= Alf Skowron =

Retired Canadian politician

Alf Skowron is a retired politician in Winnipeg, Manitoba, Canada. He was a member of the Winnipeg City Council from 1971 to 1989, originally a member of the New Democratic Party and later as an independent.

==Councillor==

Skowron was first elected to the Winnipeg City Council in the 1971 municipal election, for the Talbot Ward in the St. Johns area. He was re-elected in 1974.

When Winnipeg's city council was restructured in 1977, Skowron ran in the new division of Elmwood and defeated fellow councillor Ray Brunka, whom he defeated again in 1980, 1983 and 1986. He lost his seat to Lillian Thomas in 1989. Skowron also campaigned for Mayor of Winnipeg in a 1979 by-election, but finished well behind frontrunners Bill Norrie and Joseph Zuken.

Skowron was on the right wing of the New Democratic Party. In 1979, he led council opposition to the introduction of bilingual English and French municipal signs. The signs were introduced to recognize the legal rights of Manitoba's francophone community; Skowron argued that they privileged one particular ethnic group. When he ran for mayor later in the same year, he sought but did not receive the provincial NDP's official endorsement. He accused the party of being infiltrated with communists, citing that Communist Joseph Zuken had emerged as the main left-of-centre candidate.

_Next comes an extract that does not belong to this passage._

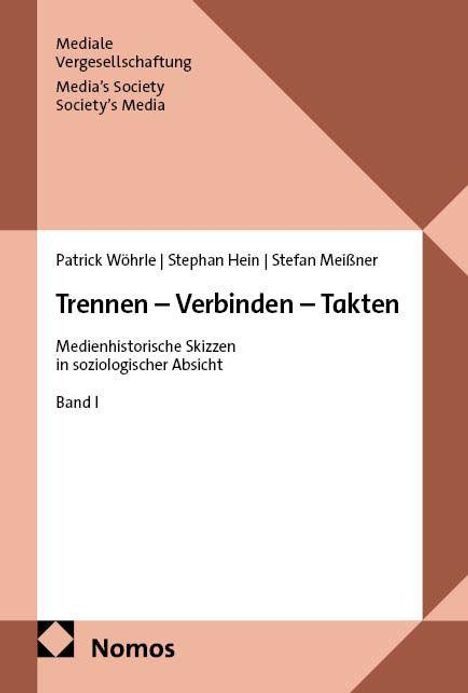 Texte: Patrick Wöhrle, Stephan Hein, Stefan Meißner. Titel: Trennen – Verbinden – Takten. Verlag: Nomos. Farbiges grafisches Muster.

Skowron and fellow NDP councillor Bill Chornopyski broke with their party's position in September 1983, and voted for the City of Winnipeg to hold a plebiscite in response to the provincial government's decision to reintroduce official bilingualism. Both councillors left the NDP shortly after the 1983 election, and Skowron later affiliated with a centre-right group on council.

==Since 1989==

In 1993, Skowron played a role in having a recreation centre named after former councillor Magnus Eliason.

During the same year, Skowron became involved in a controversy involving his friend, councillor Al Golden. Golden had attempted to convince the group Habitat For Humanity to purchase a warehouse owned by Skowron, and used council letterhead in his correspondence. Golden helped to manage the building in question and applied for permits on Skowron's behalf, though he denied any direct ownership. Golden said that he had applied for the documents as a favour to Skowron, whom he indicated had "never taken out a permit in his life". A report into the matter concluded that Golden's behaviour was inappropriate, but did not violate any law.

Skowron was fined $1,000 in 1996, after being found guilty of failing to file his 1993 income-tax return. The judge justified the lenient fine on the grounds that Skowron had not sought to hide or evade taxes. Skowron said that he failed to file his return because a former business partner refused to make financial records available. His lawyer indicated that Skowron was from the "old school", and believed his return had to be complete before it could be submitted.